### [Data under study]
□ □ □ □ □ □ □

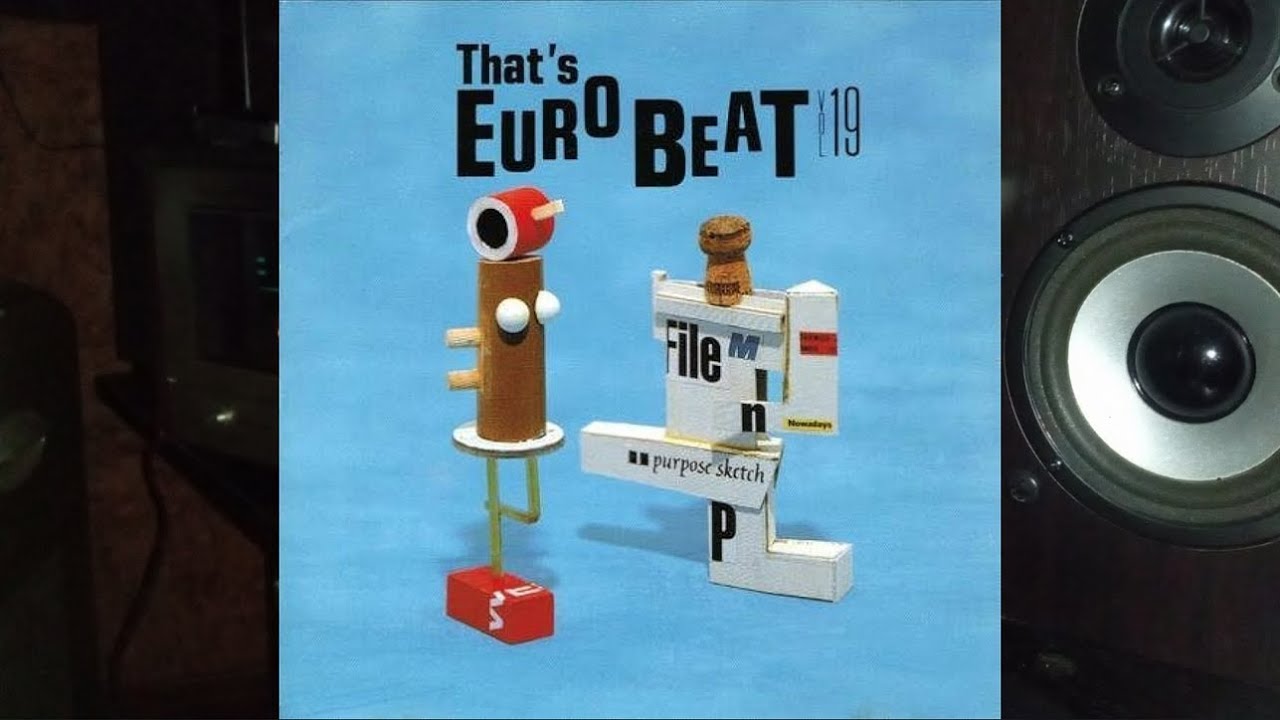THAT'S EUROBEAT VOL.19【ALCB-60】【CD音源】【作業用BGM】【ヘッドホン推奨】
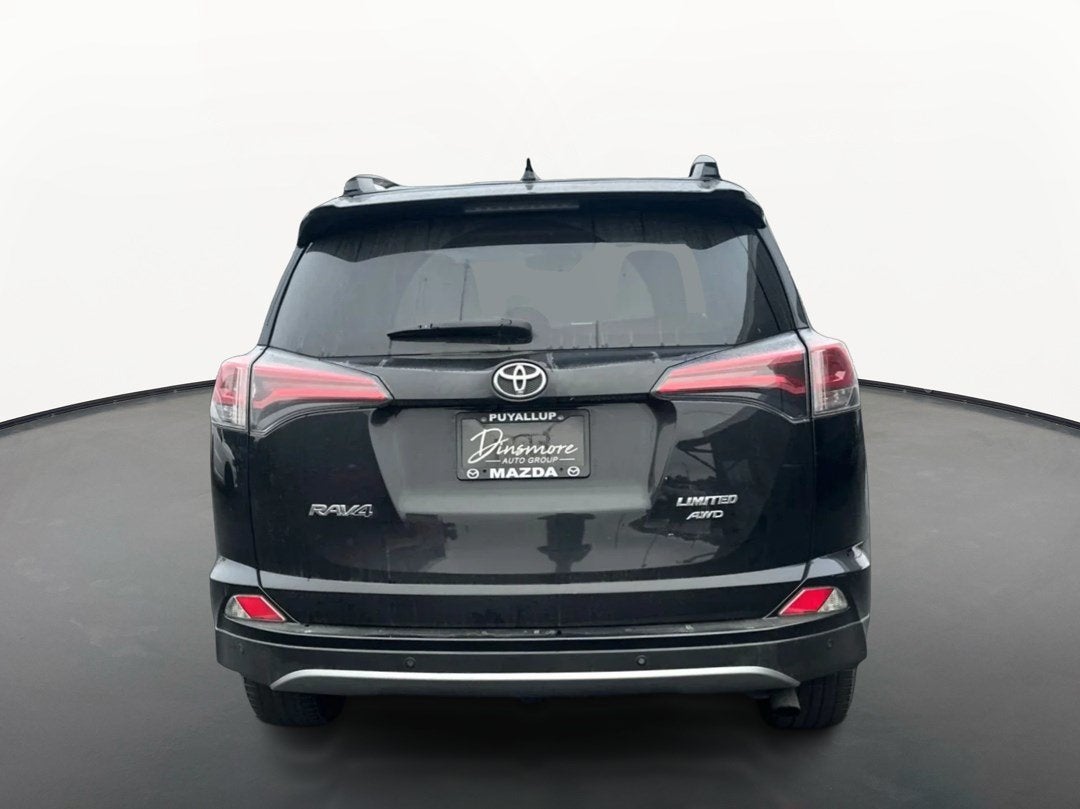 2017 Toyota RAV4 Limited AWD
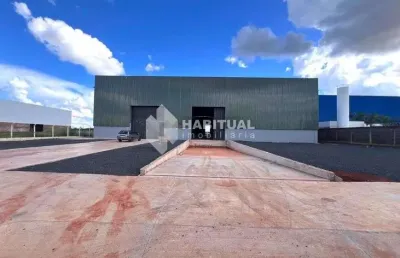 Barracão / galpão / depósito para alugar no loteamento centro empresarial leste iii, uberlândia  por r$ 49.000
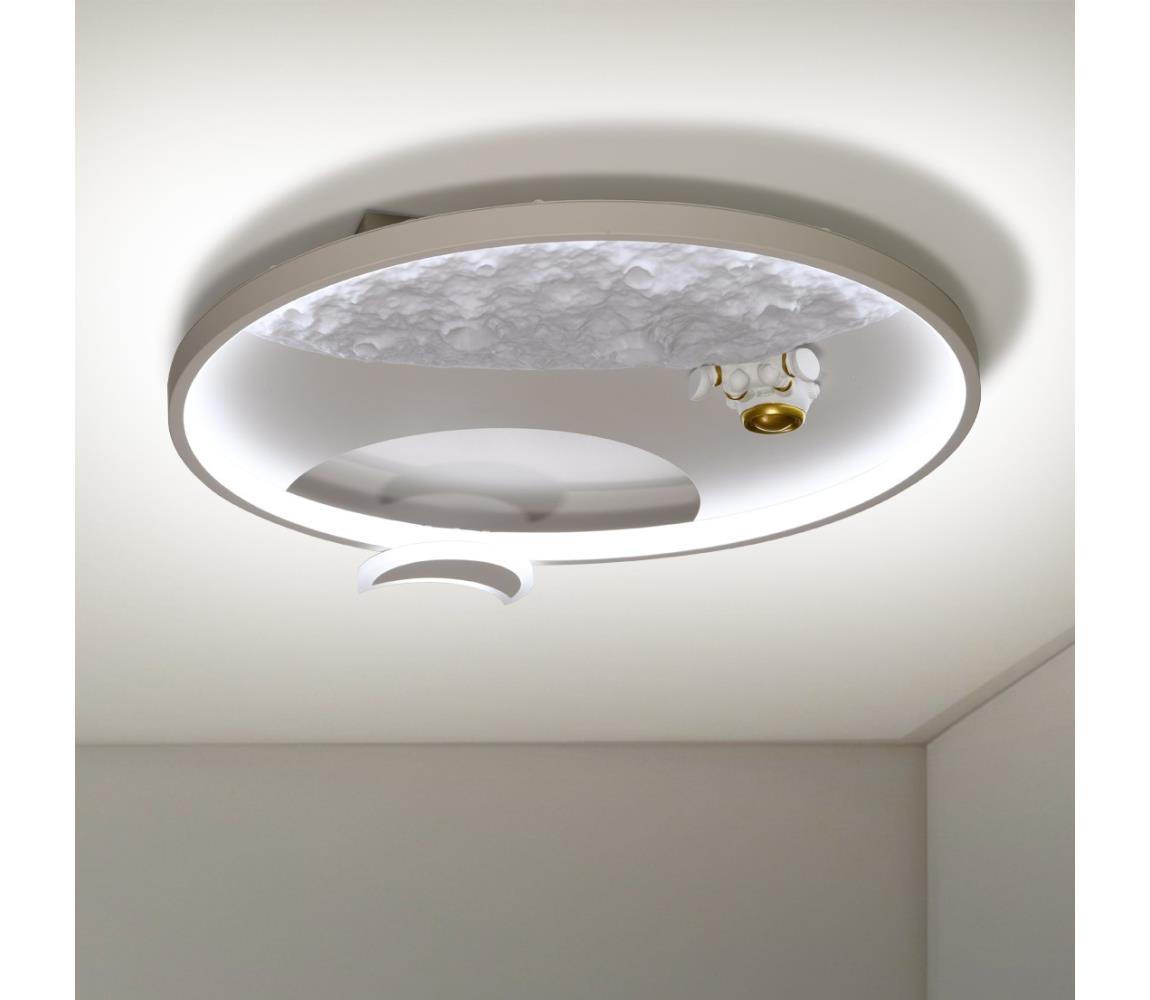 Brilagi LED stmievateľné stropné svietidlo ASTRO LED/20W/230V 3000-6000K + DO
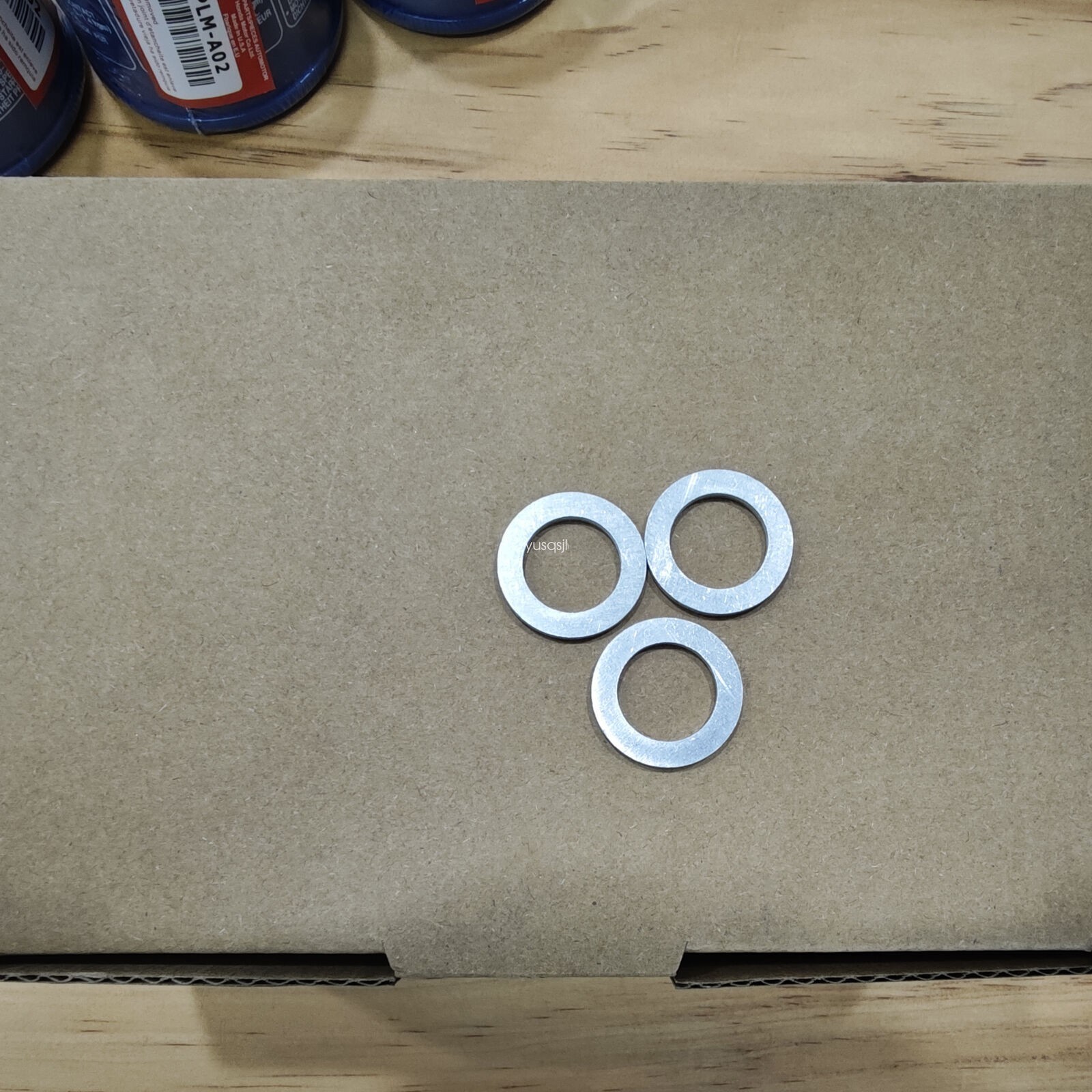 3 Honda Genuine Oil Filters WITH Drain Plug Washer 15400-PLM-A02 NEW SEALED USA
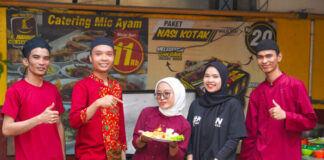 Mie Ayam Jamur Haji Mahmud Adakan Lomba 17-an Sebelum Bekerja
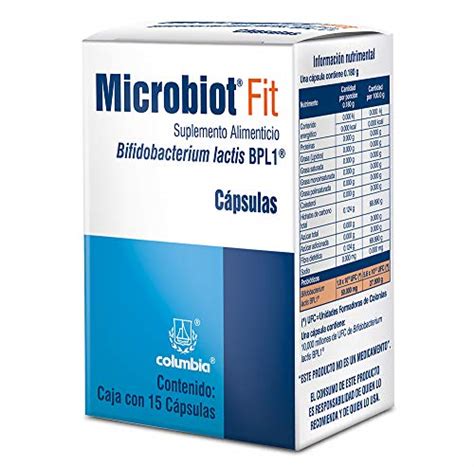 Microbiot Fit 10 Billones Probióticos Dónde Comprar al Mejor Precio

□ □ □ □ □ □ □

### [Exercise]
Excluding pictures, print all lines above exactly.

### [Result of the exercise]
THAT'S EUROBEAT VOL.19【ALCB-60】【CD音源】【作業用BGM】【ヘッドホン推奨】
 2017 Toyota RAV4 Limited AWD
 Barracão / galpão / depósito para alugar no loteamento centro empresarial leste iii, uberlândia  por r$ 49.000
 Brilagi LED stmievateľné stropné svietidlo ASTRO LED/20W/230V 3000-6000K + DO
 3 Honda Genuine Oil Filters WITH Drain Plug Washer 15400-PLM-A02 NEW SEALED USA
 Mie Ayam Jamur Haji Mahmud Adakan Lomba 17-an Sebelum Bekerja
 Microbiot Fit 10 Billones Probióticos Dónde Comprar al Mejor Precio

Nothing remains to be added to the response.